The classified balance sheet shows various information under different subcategories. In simpler terms, the major items such as assets, shareholders’ equity & liabilities, and so on are further sub-categorized. The organizations do that to make it more easily readable than the usual listing of all the accounts on the balance sheet. Someone looking at the classified balance sheet for the first time can find information more easily and extract the exact information required.
Objective of Classified Balance Sheet
- Easily understand and analyze the financial position of the business.
- Ascertain the amount and nature of the liabilities easily.
- Easily ascertain the position of assets to pay for the current liabilities.
- Understand changing trends in assets and liabilities.
- Easily understand the profit and loss trend of the business.
- Understand unpaid and prepaid expenses easily.
- Easily understand the debt position of the company.
- Offers a crisp and crystal clear view of the business to anyone.
- It makes it easy to calculate ratios.
- Instills confidence and trust in the investors and creditors.
- Easy for regulators to analyze the financial health of a company.
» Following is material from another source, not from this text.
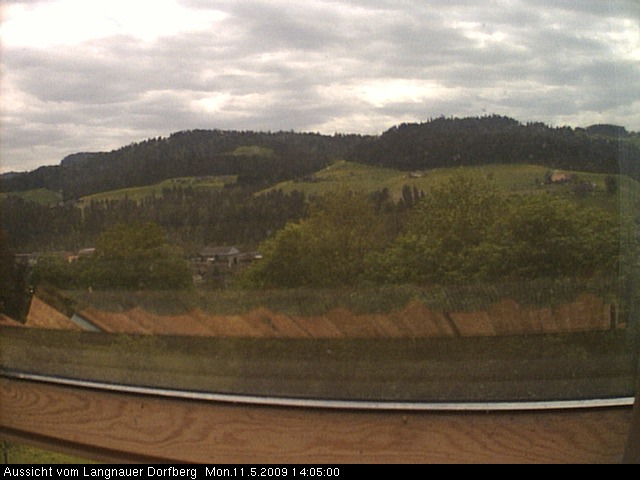 Webcam-Bild: Aussicht vom Dorfberg in Langnau 20090511-140500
There is no set format for a classified balance sheet. Management can decide on the classifications to use based on what’s important to them and the stakeholders. However, some of the common classifications in the classified balance sheet are:
The term asset in the balance sheet represents both long-term and short-term assets. However, this classification is further broken into five different assets as follows:
These are the assets that one can quickly convert into cash and use for paying the near-term liabilities. Under this category, the assets that one can convert into cash within one year or within one operating cycle come. While listing the assets on the balance sheet, the most liquid assets or the ones that one can easily convert into cash should come first. For instance, cash, receivables, short-term investments, and so on. After these listings, inventories and prepaid expenses should come.
This includes the speculative purchase of the land, a fund for plant expansion, a redeemable fund from the insurance policies, and investment from other entities.
Property, Plant, and Equipment
Under this, the companies put buildings, land, and the machinery that a company buys and uses for the business operations.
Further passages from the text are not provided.